On Tue, Apr 07, 2015 at 10:14:10AM -0700, Nishanth Aravamudan wrote:
> > So I think (and ISTR having stated this before) that dynamic cpu<->node
> > maps are absolutely insane.
> Sorry if I wasn't involved at the time. I agree that it's a bit of a
> mess!
> > There is a ton of stuff that assumes the cpu<->node relation is a boot
> > time fixed one. Userspace being one of them. Per-cpu memory another.
> Well, userspace already deals with CPU hotplug, right?

Barely, mostly not.

> And the topology
> updates are, in a lot of ways, just like you've hotplugged a CPU from
> one node and re-hotplugged it into another node.

No, that's very much not the same. Even if it were dealing with hotplug
it would still assume the cpu to return to the same node.

But mostly people do not even bother to handle hotplug.

People very much assume that when they set up their node affinities they
will remain the same for the life time of their program. People set
separate cpu affinity with sched_setaffinity() and memory affinity with
mbind() and assume the cpu<->node maps are invariant.
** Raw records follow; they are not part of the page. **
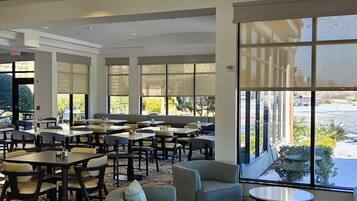 Breakfast, lunch, dinner served; American cuisine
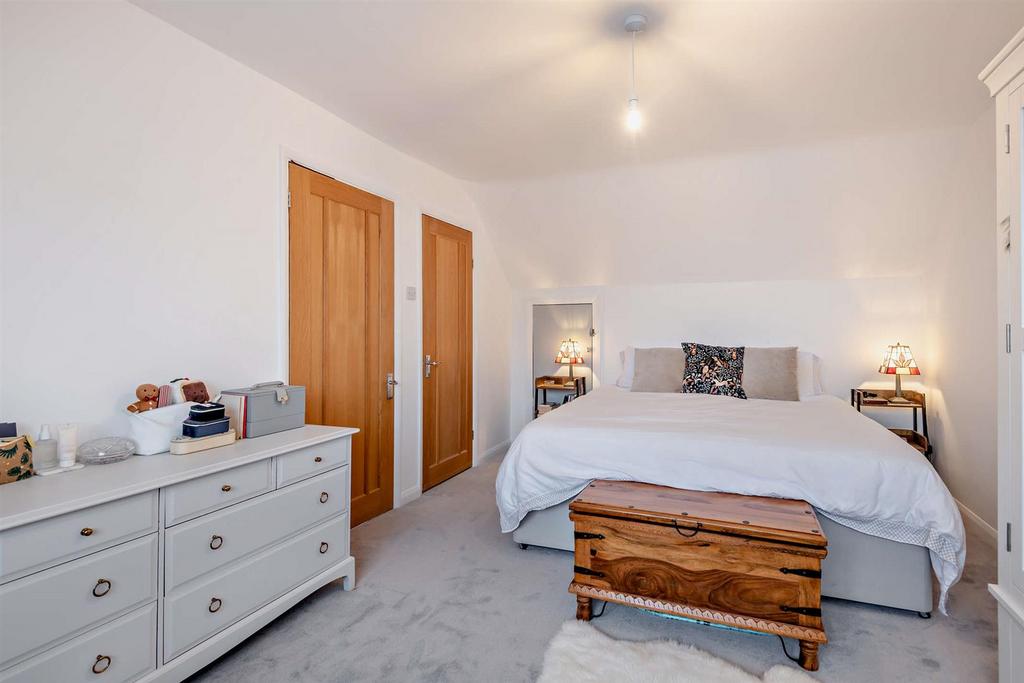 8675192-interior16-800.jpg
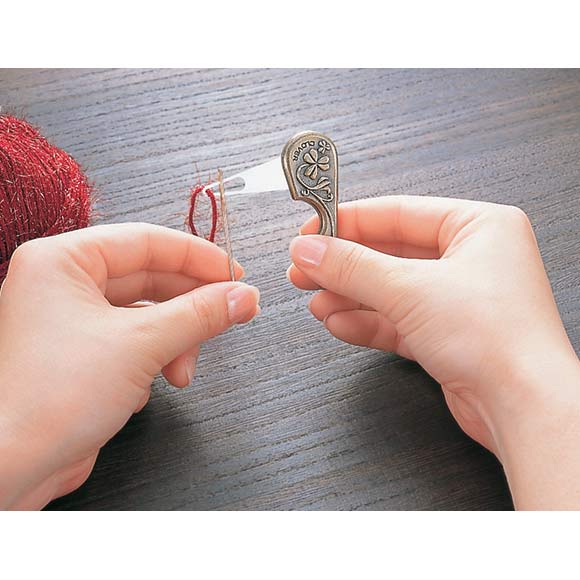 Clover Antique Yarn Threader - 3114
> I'll look into the per-cpu memory case.

Look into everything that does cpu_to_node() based allocations, because
they all assume that that is stable.

They allocate memory at init time to be node local, but they you go an
mess that up.

> For what it's worth, our test teams are stressing the kernel with these
> topology updates and hopefully we'll be able to resolve any issues that
> result.

Still absolutely insane.

> I will look into per-cpu memory, and also another case I have been
> thinking about where if a process is bound to a CPU/node combination via
> numactl and then the topology changes, what exactly will happen. In
> theory, via these topology updates, a node could go from memoryless ->
> not and v.v., which seems like it might not be well supported (but
> again, should not be much different from hotplugging all the memory out
> from a node).

memory hotplug is even less well handled than cpu hotplug.

And yes, the fact that you need to go look into WTF happens when people
use numactl should be a big arse red flag. _That_ is breaking userspace.

> And, in fact, I think topologically speaking, I think I should be able
> to repeat the same sched domain warnings if I start off with a 2-node
> system with all CPUs on one node, and then hotplug a CPU onto the second
> node, right? That has nothing to do with power, that I can tell. I'll
> see if I can demonstrate it via a KVM guest.

Uhm, no. CPUs will not first appear on node 0 only to then appear on
node 1 later.

If you have a cpu-less node 1 and then hotplug cpus in they will start
and end live on node 1, they'll never be part of node 0.

Also, cpu/memory - less nodes + hotplug to later populate them are
crazeh in they they never get the performance you get from regular
setups. Its impossible to get node-local right.